**Directions for this task:**
Range to copy from the entries below: the line containing "Hello and welcome" through the line containing "Welcome to a", inclusive. Retype only those lines, exactly, without any images.

**Dataset records:**
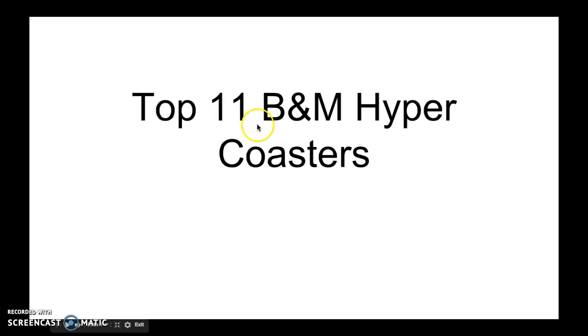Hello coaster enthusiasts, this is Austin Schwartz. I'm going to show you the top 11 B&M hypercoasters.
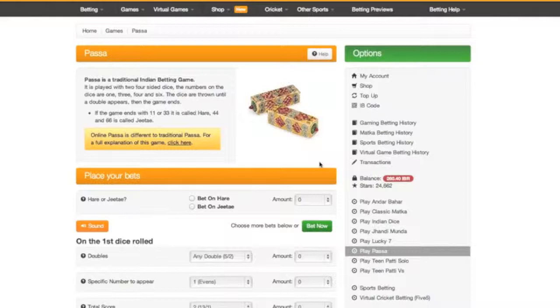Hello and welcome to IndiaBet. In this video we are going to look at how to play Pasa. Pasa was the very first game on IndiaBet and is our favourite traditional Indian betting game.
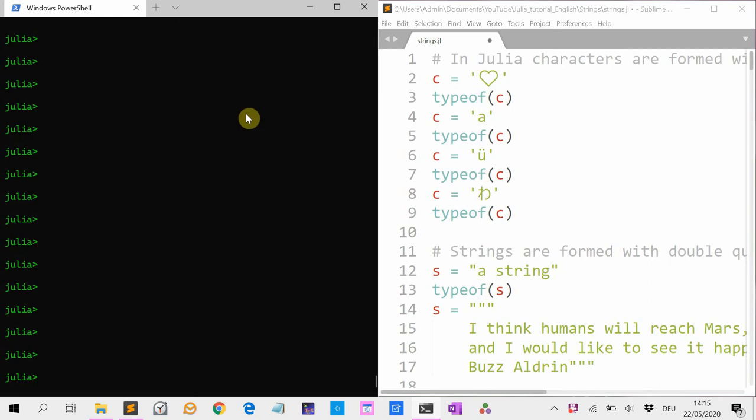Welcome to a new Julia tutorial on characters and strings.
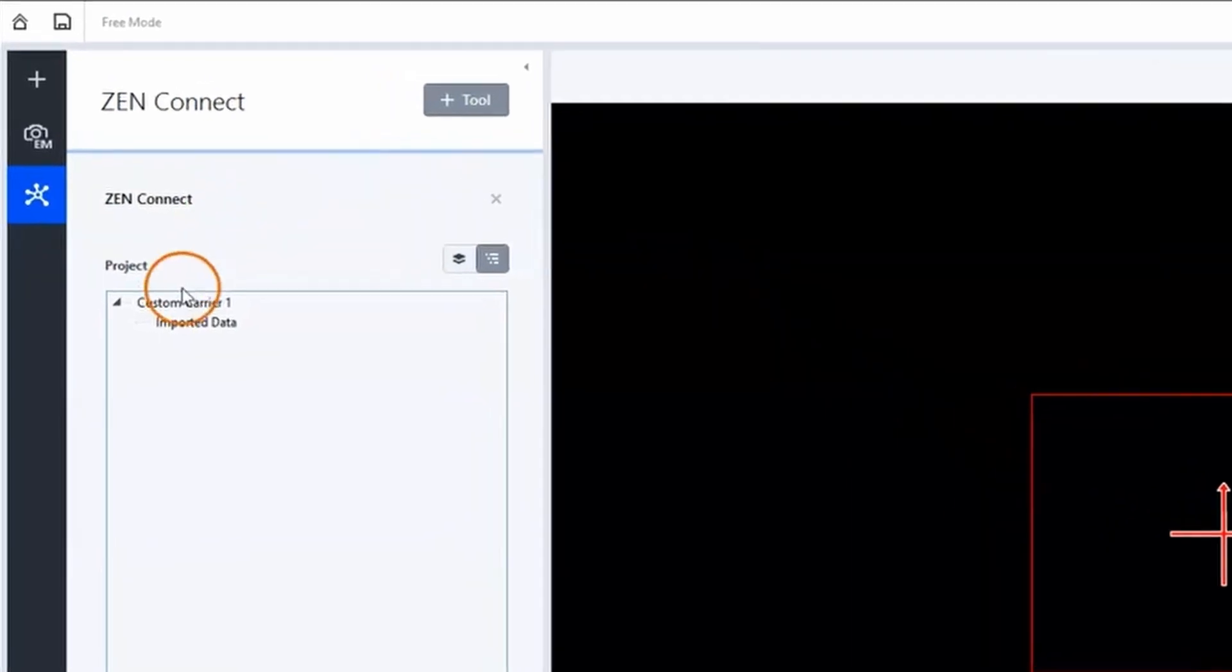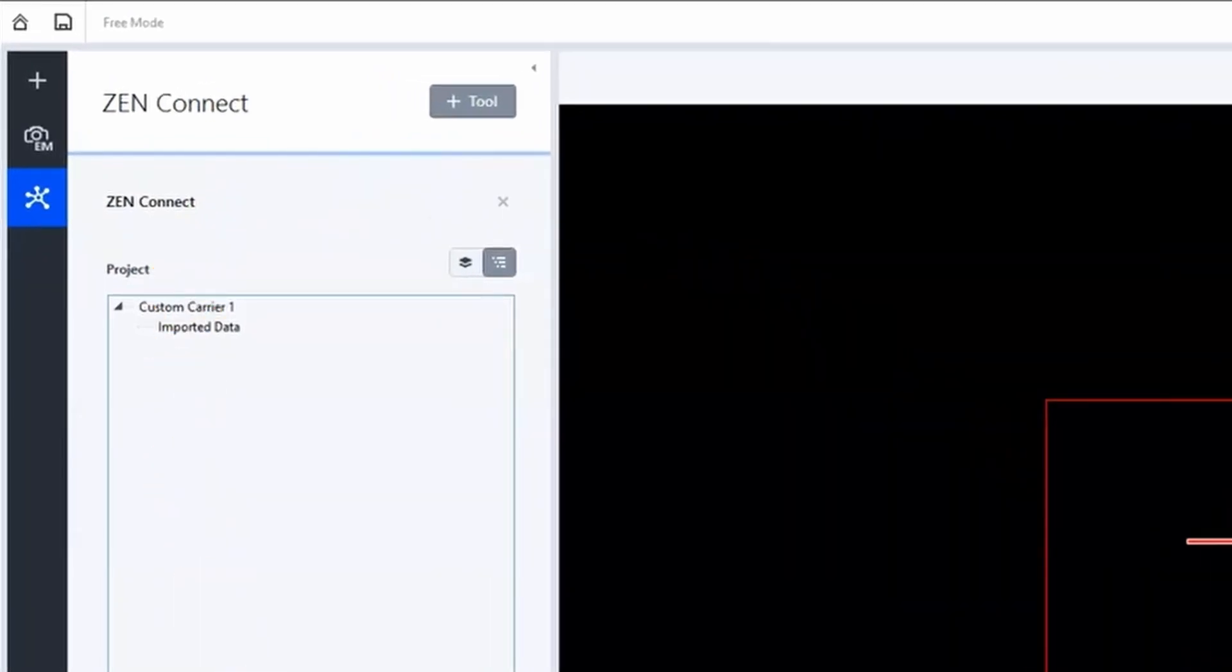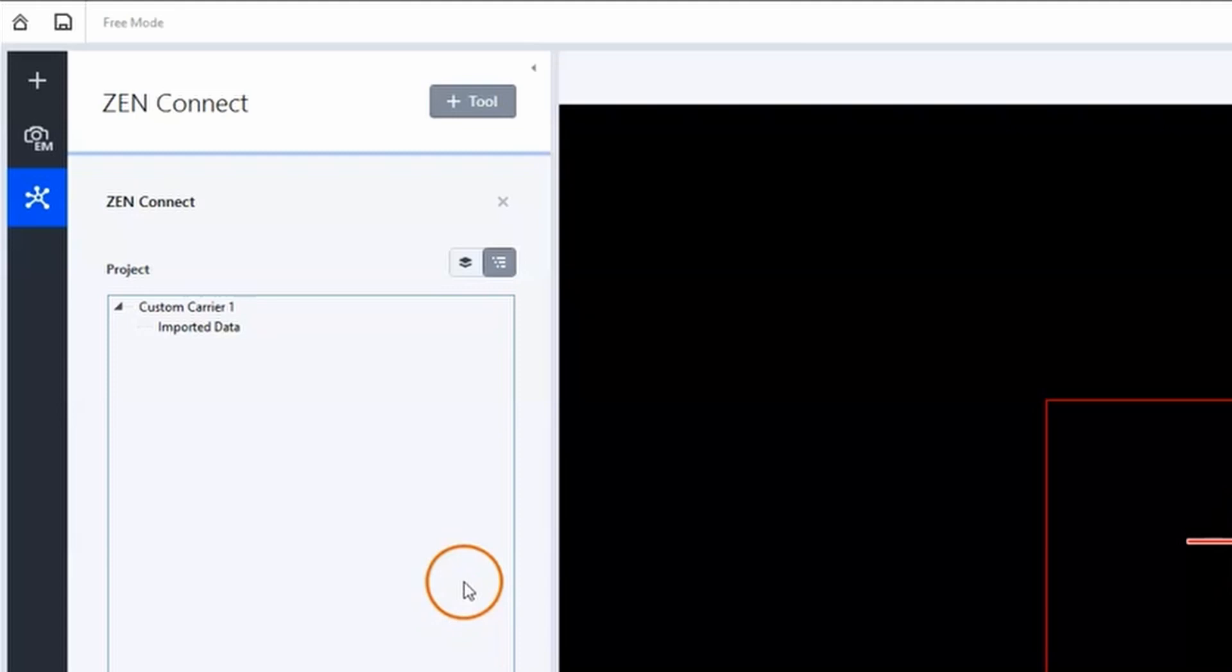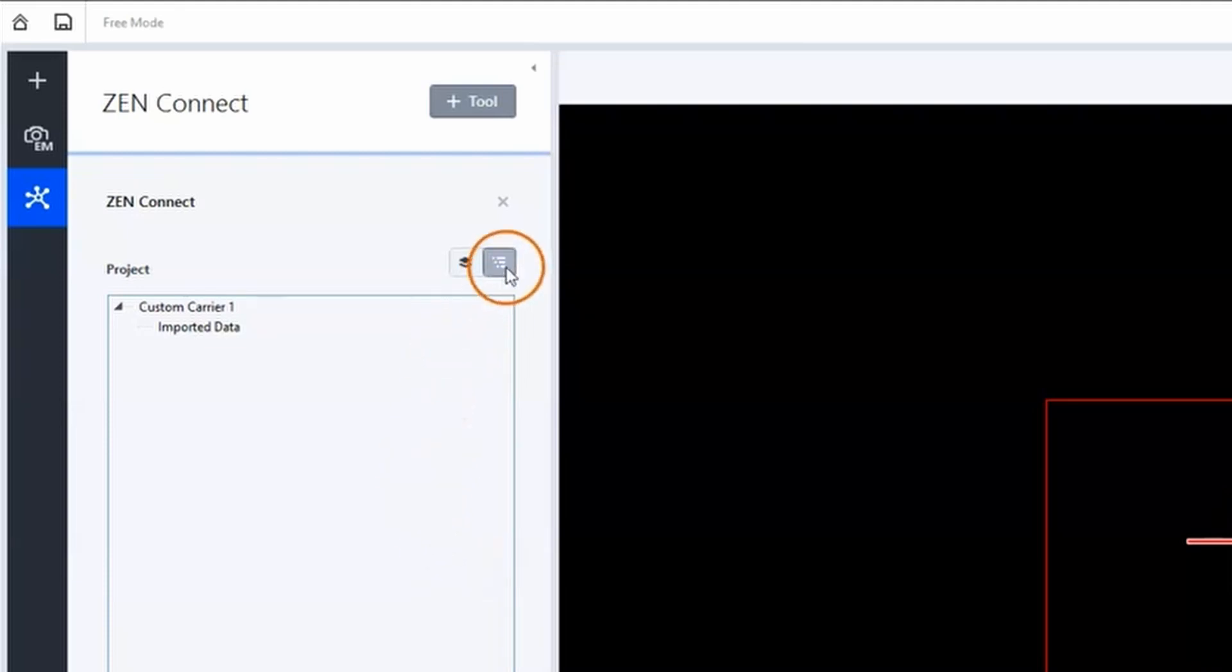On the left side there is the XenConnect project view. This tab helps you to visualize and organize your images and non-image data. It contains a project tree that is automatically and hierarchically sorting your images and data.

...

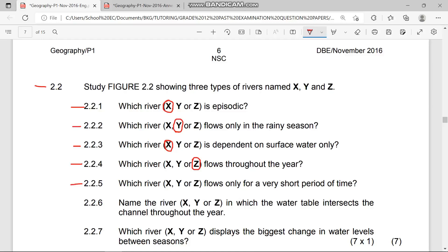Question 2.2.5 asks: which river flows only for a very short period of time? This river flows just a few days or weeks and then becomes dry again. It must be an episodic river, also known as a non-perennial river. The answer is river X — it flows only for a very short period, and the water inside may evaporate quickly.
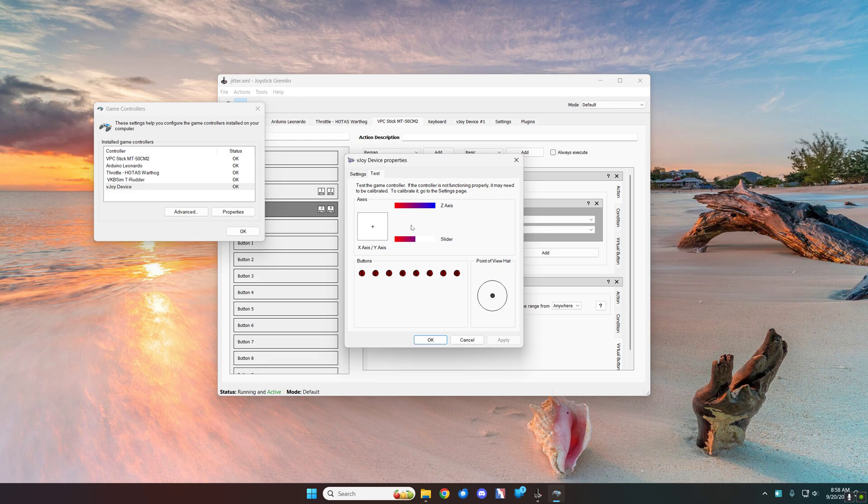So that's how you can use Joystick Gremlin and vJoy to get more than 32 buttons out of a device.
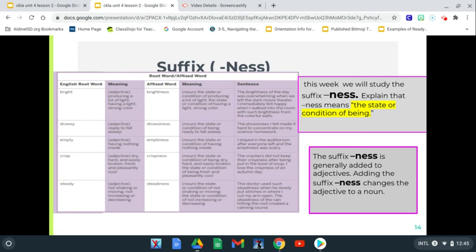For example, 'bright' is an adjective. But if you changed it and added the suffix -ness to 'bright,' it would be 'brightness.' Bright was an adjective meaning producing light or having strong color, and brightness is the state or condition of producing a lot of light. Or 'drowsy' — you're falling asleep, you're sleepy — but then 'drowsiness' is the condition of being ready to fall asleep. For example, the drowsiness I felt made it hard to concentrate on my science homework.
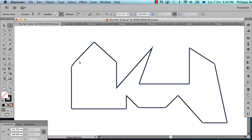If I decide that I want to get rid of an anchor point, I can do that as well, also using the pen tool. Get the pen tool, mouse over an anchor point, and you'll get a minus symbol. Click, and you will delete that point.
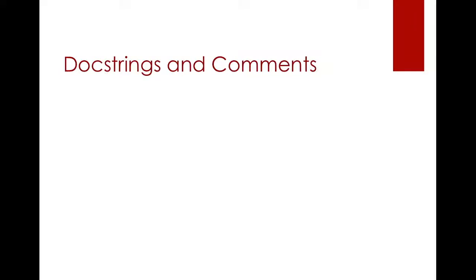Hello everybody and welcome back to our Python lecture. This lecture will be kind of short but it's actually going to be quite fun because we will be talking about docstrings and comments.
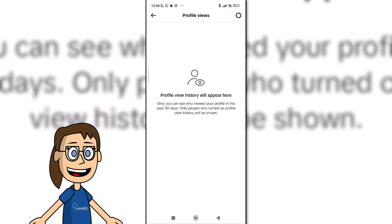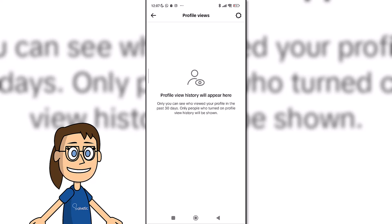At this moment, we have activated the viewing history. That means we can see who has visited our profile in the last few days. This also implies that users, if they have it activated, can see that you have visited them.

* * *

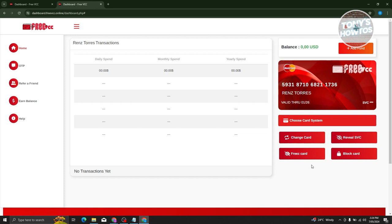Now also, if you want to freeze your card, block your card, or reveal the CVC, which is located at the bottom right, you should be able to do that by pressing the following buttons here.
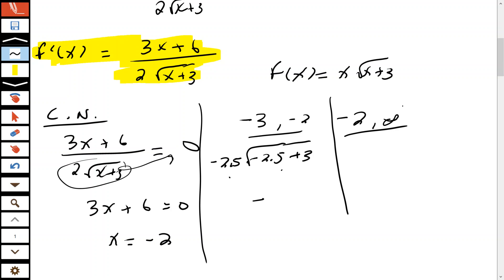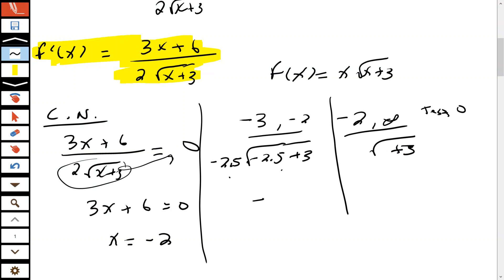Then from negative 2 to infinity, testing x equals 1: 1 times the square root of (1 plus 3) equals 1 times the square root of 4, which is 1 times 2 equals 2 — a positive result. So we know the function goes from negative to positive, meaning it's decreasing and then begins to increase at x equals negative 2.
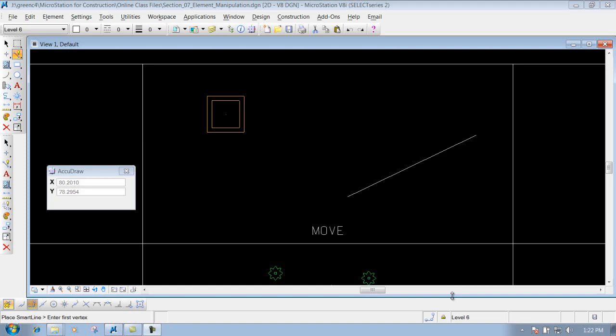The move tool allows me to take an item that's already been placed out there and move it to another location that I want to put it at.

**Response below:**
Hello and welcome to IndiaBet. In this video we are going to look at how to play Pasa. Pasa was the very first game on IndiaBet and is our favourite traditional Indian betting game.
Welcome to a new Julia tutorial on characters and strings.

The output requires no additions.